# GOAL OF THE EXERCISE
Lines from the beginning of the data below through the one containing "Kia Ceed SW" are to be printed exactly as they appear.

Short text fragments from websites
== Segment start ==

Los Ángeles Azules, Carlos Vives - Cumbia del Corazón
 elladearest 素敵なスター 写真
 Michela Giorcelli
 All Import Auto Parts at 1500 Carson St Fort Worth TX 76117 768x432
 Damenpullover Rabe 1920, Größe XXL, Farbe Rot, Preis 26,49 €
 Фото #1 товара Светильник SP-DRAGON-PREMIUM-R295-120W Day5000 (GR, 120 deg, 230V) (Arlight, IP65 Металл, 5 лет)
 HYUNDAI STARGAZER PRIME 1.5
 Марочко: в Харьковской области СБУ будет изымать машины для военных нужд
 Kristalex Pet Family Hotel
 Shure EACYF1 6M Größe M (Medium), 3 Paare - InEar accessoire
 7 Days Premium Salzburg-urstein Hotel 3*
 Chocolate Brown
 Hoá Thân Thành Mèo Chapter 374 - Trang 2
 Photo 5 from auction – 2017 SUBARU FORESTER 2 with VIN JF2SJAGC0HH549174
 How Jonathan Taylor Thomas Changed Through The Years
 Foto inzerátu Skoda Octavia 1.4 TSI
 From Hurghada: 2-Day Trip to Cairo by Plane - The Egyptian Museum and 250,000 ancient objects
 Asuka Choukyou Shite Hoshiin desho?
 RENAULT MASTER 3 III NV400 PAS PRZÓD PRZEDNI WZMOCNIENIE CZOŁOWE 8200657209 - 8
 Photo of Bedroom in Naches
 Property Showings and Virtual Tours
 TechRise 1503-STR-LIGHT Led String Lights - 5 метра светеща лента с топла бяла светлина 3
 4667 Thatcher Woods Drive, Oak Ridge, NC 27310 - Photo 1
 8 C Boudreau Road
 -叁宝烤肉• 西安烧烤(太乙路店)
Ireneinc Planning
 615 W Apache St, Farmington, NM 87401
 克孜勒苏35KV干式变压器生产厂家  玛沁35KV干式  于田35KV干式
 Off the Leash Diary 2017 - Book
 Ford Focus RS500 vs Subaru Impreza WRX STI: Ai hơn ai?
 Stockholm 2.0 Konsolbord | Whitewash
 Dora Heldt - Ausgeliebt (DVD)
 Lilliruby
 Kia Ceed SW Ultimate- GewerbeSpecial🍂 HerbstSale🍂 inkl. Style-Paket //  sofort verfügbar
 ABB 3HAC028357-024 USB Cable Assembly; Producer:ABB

== Segment end ==

# SOLVED EXERCISE
Los Ángeles Azules, Carlos Vives - Cumbia del Corazón
 elladearest 素敵なスター 写真
 Michela Giorcelli
 All Import Auto Parts at 1500 Carson St Fort Worth TX 76117 768x432
 Damenpullover Rabe 1920, Größe XXL, Farbe Rot, Preis 26,49 €
 Фото #1 товара Светильник SP-DRAGON-PREMIUM-R295-120W Day5000 (GR, 120 deg, 230V) (Arlight, IP65 Металл, 5 лет)
 HYUNDAI STARGAZER PRIME 1.5
 Марочко: в Харьковской области СБУ будет изымать машины для военных нужд
 Kristalex Pet Family Hotel
 Shure EACYF1 6M Größe M (Medium), 3 Paare - InEar accessoire
 7 Days Premium Salzburg-urstein Hotel 3*
 Chocolate Brown
 Hoá Thân Thành Mèo Chapter 374 - Trang 2
 Photo 5 from auction – 2017 SUBARU FORESTER 2 with VIN JF2SJAGC0HH549174
 How Jonathan Taylor Thomas Changed Through The Years
 Foto inzerátu Skoda Octavia 1.4 TSI
 From Hurghada: 2-Day Trip to Cairo by Plane - The Egyptian Museum and 250,000 ancient objects
 Asuka Choukyou Shite Hoshiin desho?
 RENAULT MASTER 3 III NV400 PAS PRZÓD PRZEDNI WZMOCNIENIE CZOŁOWE 8200657209 - 8
 Photo of Bedroom in Naches
 Property Showings and Virtual Tours
 TechRise 1503-STR-LIGHT Led String Lights - 5 метра светеща лента с топла бяла светлина 3
 4667 Thatcher Woods Drive, Oak Ridge, NC 27310 - Photo 1
 8 C Boudreau Road
 -叁宝烤肉• 西安烧烤(太乙路店)
Ireneinc Planning
 615 W Apache St, Farmington, NM 87401
 克孜勒苏35KV干式变压器生产厂家  玛沁35KV干式  于田35KV干式
 Off the Leash Diary 2017 - Book
 Ford Focus RS500 vs Subaru Impreza WRX STI: Ai hơn ai?
 Stockholm 2.0 Konsolbord | Whitewash
 Dora Heldt - Ausgeliebt (DVD)
 Lilliruby
 Kia Ceed SW Ultimate- GewerbeSpecial🍂 HerbstSale🍂 inkl. Style-Paket //  sofort verfügbar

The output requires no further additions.